The Iran deal’s ancillary aspects, which the administration tried to keep secret from Congress, included ransom payments totaling $1.7 billion to Iran and secret side agreements negotiated between the International Atomic Energy Agency (IAEA) and the Islamic Republic. One of the most absurd provisions of that secretive side agreement enables the mullahs to collect their own soil samples at their highly opaque Parchin facility, in lieu of on-site inspections. The Obama administration even conducted lobbying efforts on behalf of the Islamic Republic, in a failed attempt to convince banking institutions to conduct business with the world’s premier state-sponsor of international terrorism.

The notion that the Obama administration would trust the Iranians to collect their own samples to establish compliance demonstrates with utmost clarity just how far divorced from reality Obama has become. The notion that Obama would place national security interests in the hands of a non-U.S. body demonstrates just how utterly reckless he is. The notion that the U.S. would actively lobby on behalf on an entity responsible for hundreds of thousands of deaths in Syria, Yemen and Iraq and responsible for supplying anti-U.S. insurgents with sophisticated Explosively Formed Penetrators (EFP) that killed and maimed hundreds of U.S. soldiers, demonstrates how morally depraved the Obama administration has become.

Since the signing of the Joint Comprehensive Plan of Action (JCPOA), Iran has been testing the resolve of the U.S. in enforcing the agreement.
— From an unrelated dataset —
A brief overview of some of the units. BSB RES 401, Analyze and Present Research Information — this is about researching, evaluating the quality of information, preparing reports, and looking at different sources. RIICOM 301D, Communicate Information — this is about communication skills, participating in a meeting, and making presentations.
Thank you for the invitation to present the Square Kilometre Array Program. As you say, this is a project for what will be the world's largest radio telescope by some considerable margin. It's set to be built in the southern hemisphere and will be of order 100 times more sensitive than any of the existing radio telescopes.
Twice since the JCPOA went into effect, Iranexceeded its 130 metric ton limit for heavy water, which is used to cool reactors that produce plutonium. The cumbersome JCPOA mechanism put in place to abrogate the agreement in the event of breach means that all but the most serious Iranian transgressions will likely go unpunished. In the meantime, Iran continues to push the envelope while receiving all the benefits including sanctions relief and lump sum cash payments, including nearly $12 billion received in the past three years.
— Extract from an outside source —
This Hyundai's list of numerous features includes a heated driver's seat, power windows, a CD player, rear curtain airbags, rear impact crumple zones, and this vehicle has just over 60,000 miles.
The Obama administration’s dealings with the Islamic Republic borders on sycophantic. The AP reported today that the Obama administration, in its twilight weeks, issued its consent to allow the Iranians to receive 116 metric tons of natural uranium from Russia as compensation for its export of tons of reactor coolant. The move requires U.N. Security Council approval but is expected to easily pass.

Administration officials have issued assurances that Iran’s usage of the uranium shipment will be carefully monitored but those familiar with the administration’s “assurances” have ample reason to be wary. The administration’s track record on transparency, especially in its dealings with the Islamic Republic, is abysmal.
Adding to the worry is the assessment of David Albright of the Institute of Science and International Security (ISIS), a monitoring group that keeps tabs on Iran’s nuclear program and consults with congressional officials. According to Albright, the uranium could be enriched to weapons-grade sufficient for the production of at least 10 nuclear bombs. Albright adds that the quantity of bombs depends on “the efficiency of the enrichment process and the design of the nuclear weapon.”

The scheduling of the shipment ironically comes at a time when Iran is ramping up regional tensions, defying UNSC resolutions and causing mayhem in the Arabian Gulf. Iran continues to brazenly develop and test-fire ballistic missiles in defiance of UNSC resolution 2231 and on Sunday, the guided-missile destroyer USS Mahan was forced to fire three warning shots at four Iranian Revolutionary Guard Corps (IRGC) speed boats near the Strait of Hormuz. The fast-approaching and menacing IRGC craft disregarded numerous warnings to alter course and veered away only after the warning shots were fired.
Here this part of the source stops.